Well, he is front end heavy, with a neck that ties in low, and has a weak back
His front legs lack bone. Croup is steep. Pastern angles are off, but can partly be due to long toes. He needs to have his feet back under him, through correct trim


----------



## Yogiwick (Sep 30, 2013)

He's not horrible but I'm not impressed.

Get a good vet check if you buy him

My primary concern with his back would be saddle fit. I also dislike his feet though that is likely trimming related.

What are you looking to do with him? If he's going to be worked hard/to a certain level I'd probably pass but he should be fine otherwise.
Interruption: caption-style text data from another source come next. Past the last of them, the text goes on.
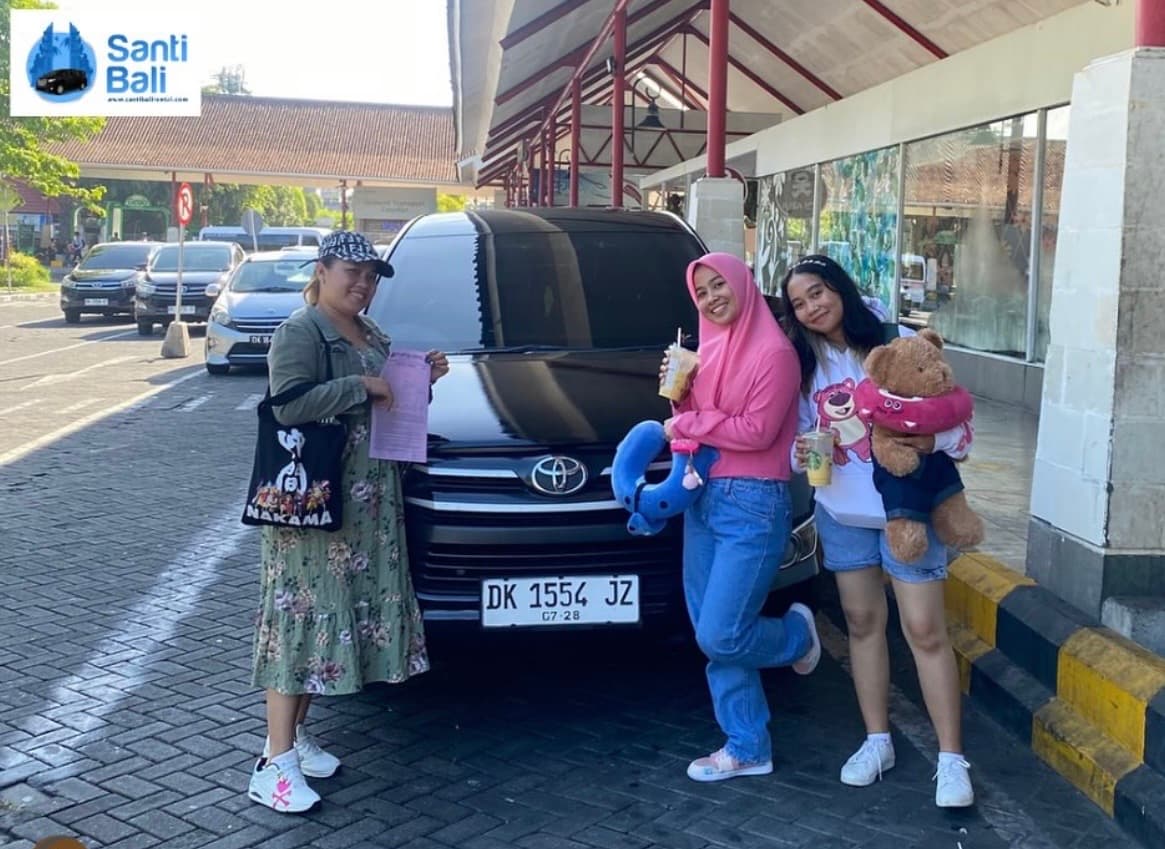 Rent Toyota Innova Reborn AT — photo 1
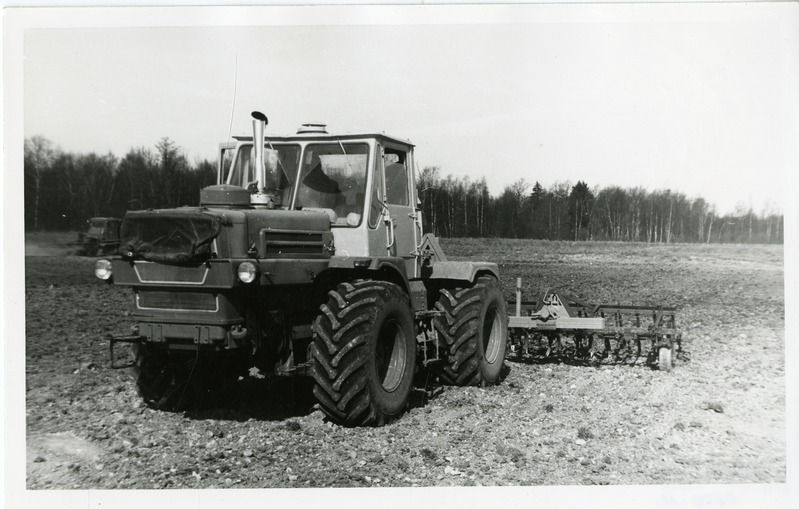 Kolhoosi Saare Tööline traktor T-150 K kobestamas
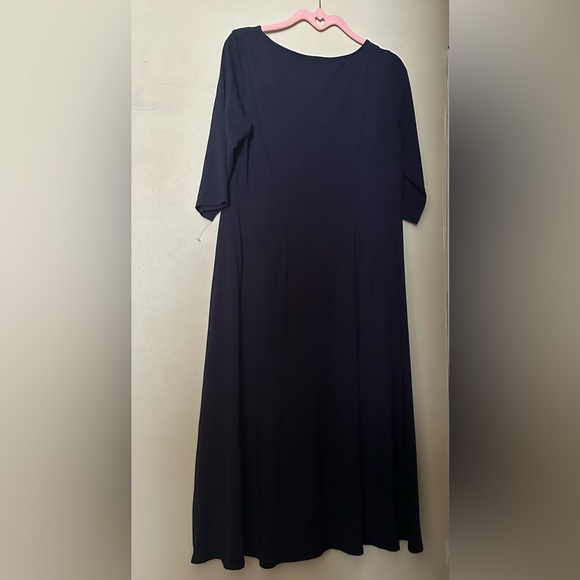 Eileen Fisher Elegant Navy Blue Women's Dress - Picture 5 of 7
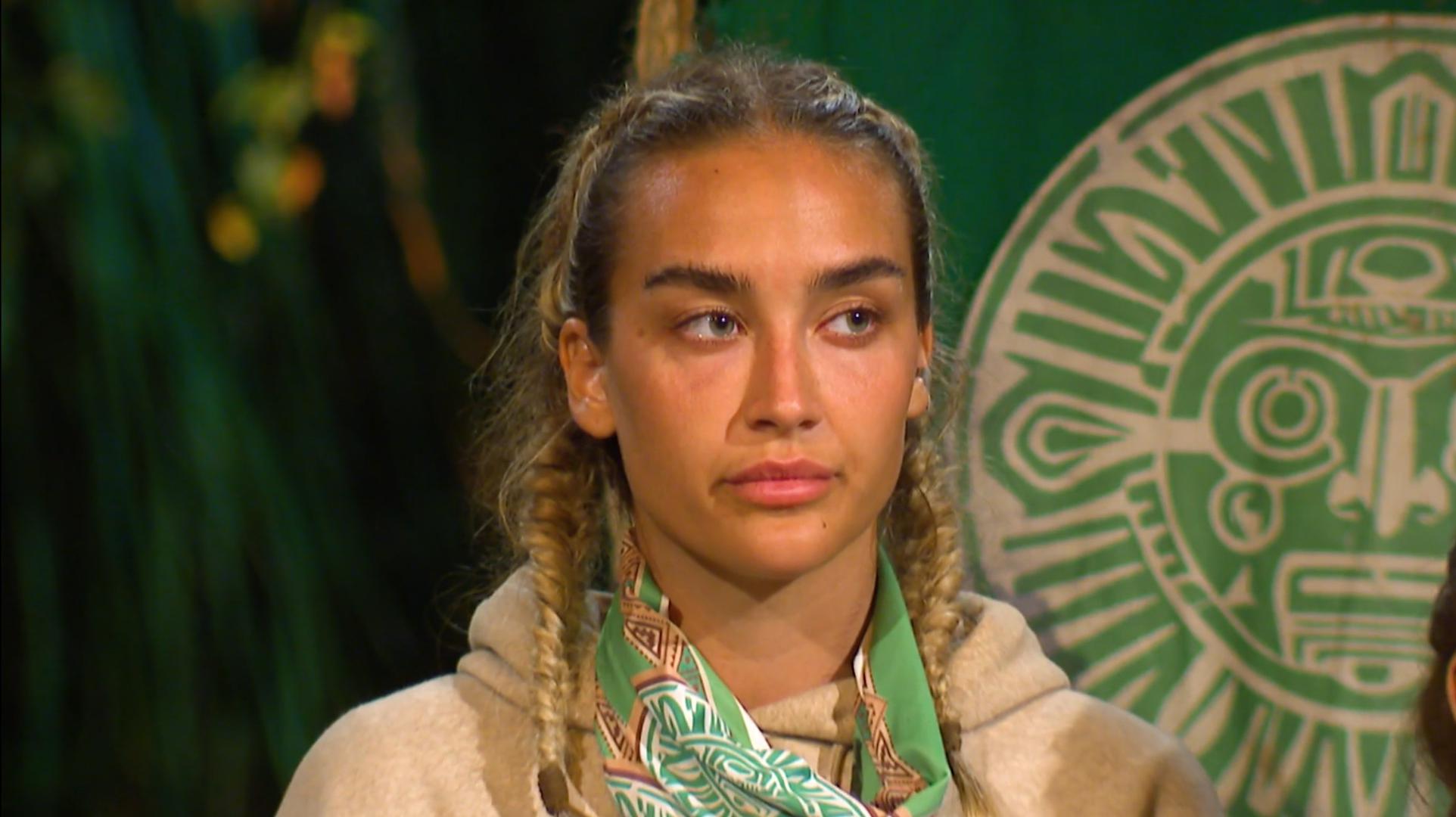  S druge strane, Čedomir je na večeru poveo Adrijanu, Srećka, Anastasju, Lanu i Ivanu, pa su tako odabrani iz oba plemena imali priliku uživati u zasluženoj nagradi nakon zahtjevnog dana.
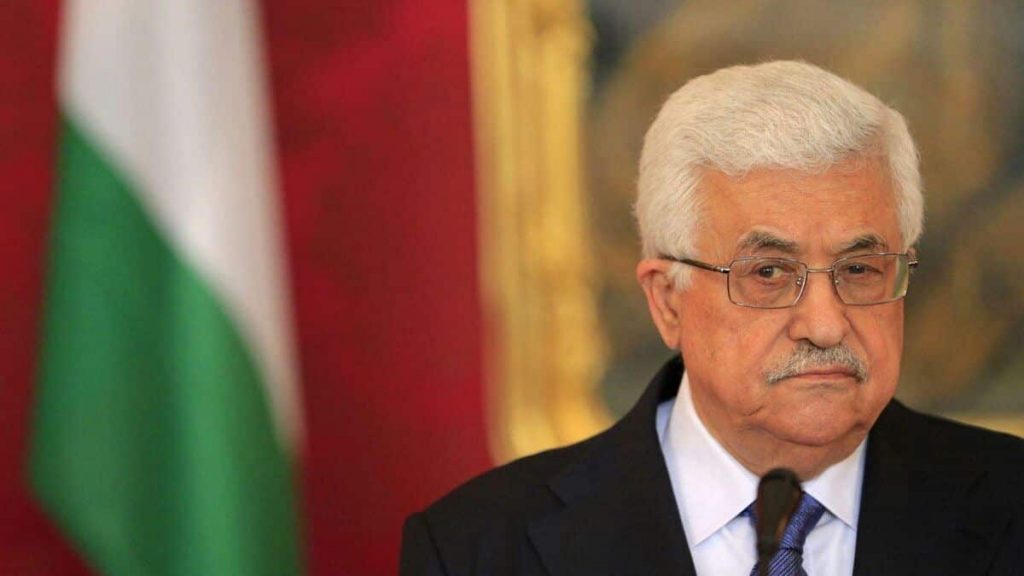 كم سنة حكم محمود عباس؟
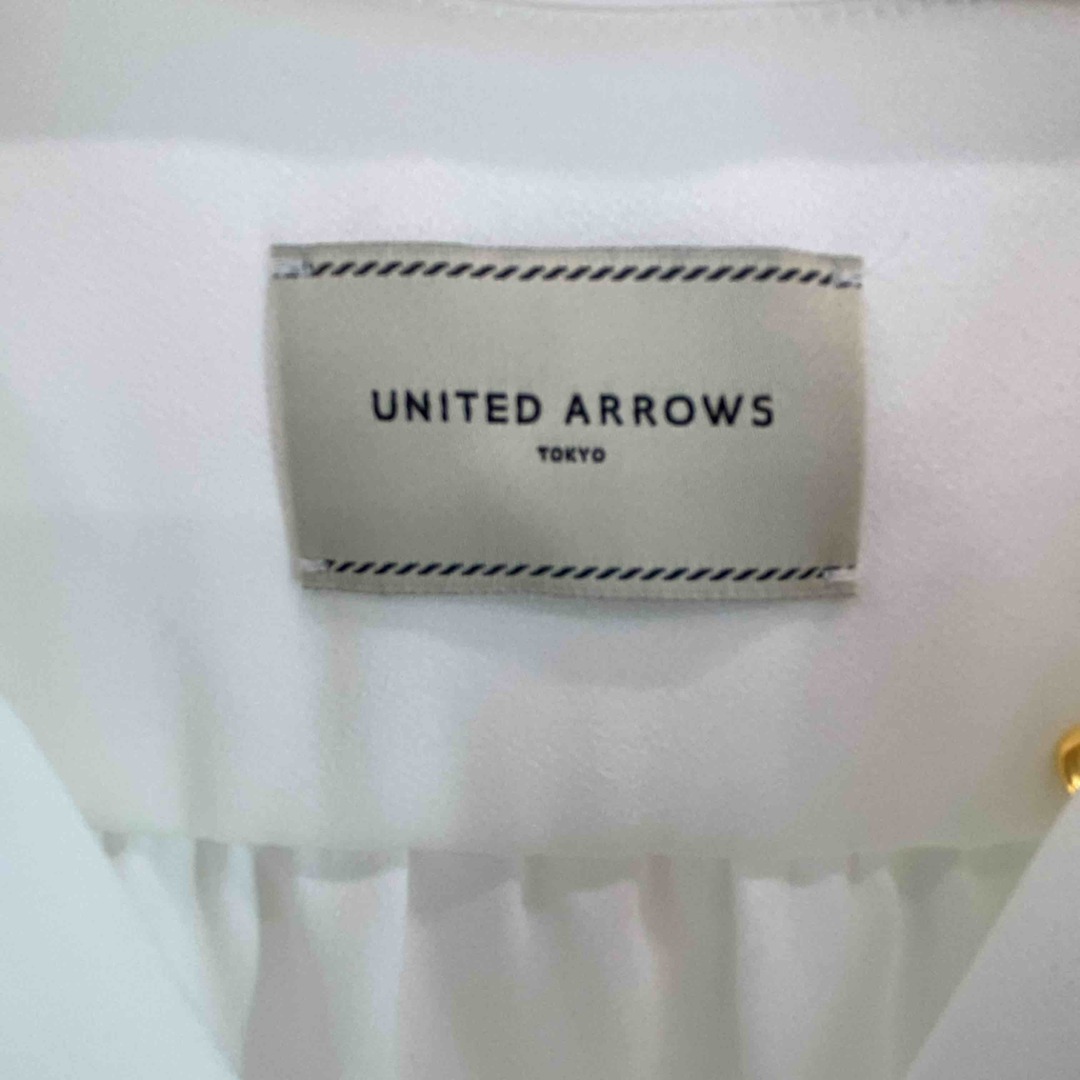 UNITED ARROWS(ユナイテッドアローズ)のUNITED ARROWS ユナイテッドアローズ レディース 半袖シャツ ブラウス フォーマル カジュアル ホワイト レディースのトップス(シャツ/ブラウス(半袖/袖なし))の商品写真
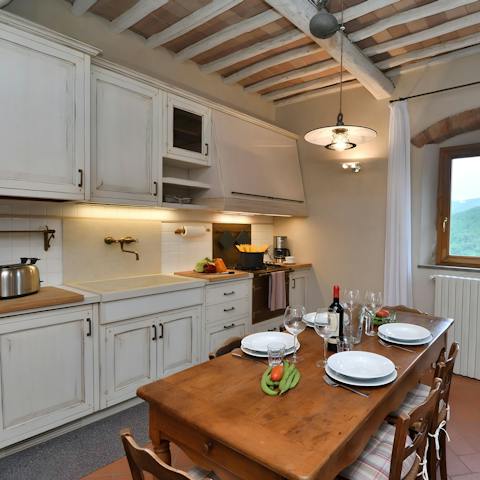 Cook up all your favourite family meals and tuck in around the dining table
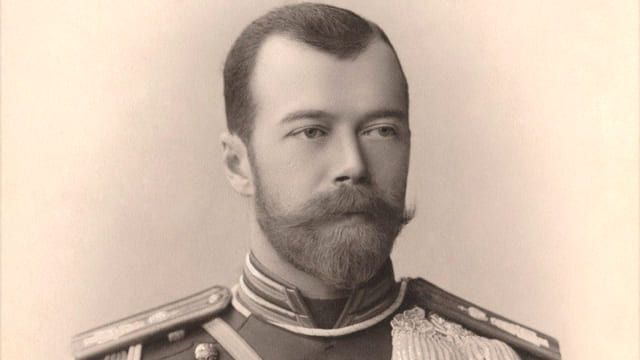 Величие жертвы Императора Николая II. Татьяна Микушина: «Иисус взял на себя грехи всего мира и тем дал возможность миру жить. А Николай II принял на себя грехи России и позволил России жить»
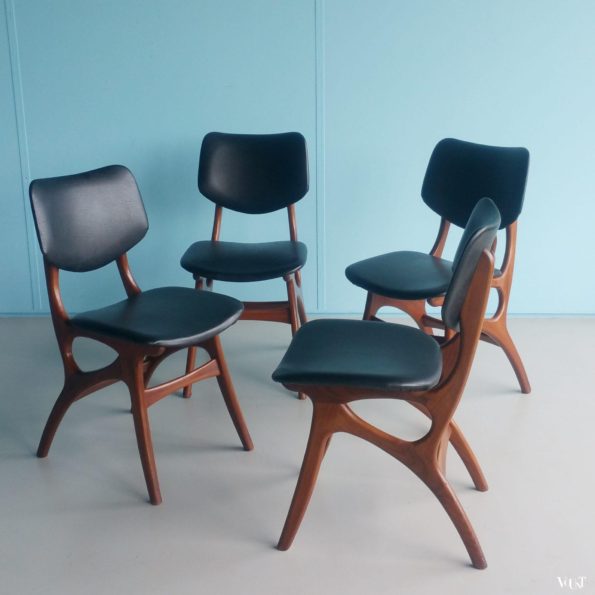 4 jaren ’50 teakhouten eettafelstoelen, Pynock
Definitely better than the first photos.


----------



## horselovinguy (Oct 1, 2013)

The more I see the more I do not like how he is put together....
He has beautiful markings....but....

You keep making comment that, " I am led to believe this is how they squared him, as every video I have seen of him, along with a showmanship video. It is not how he naturally stops and stands"...
So, the picture they send you is this new one???:shrug: 
To me, it is far from flattering!!:frown_color:
He is just not balanced, he has a steep croup, very coarse neck and lousy throatlatch, very long back, not sure what kind of shoulder he is supposed to have, he looks even straighter behind....
That "stance and pose" actually softened some serious flaws imo and what I would look for in a horse...
He would have to ride incredibly and have personality plus, plus, plus for me to go further...
He is very cute but not my kind of horse with how he is built..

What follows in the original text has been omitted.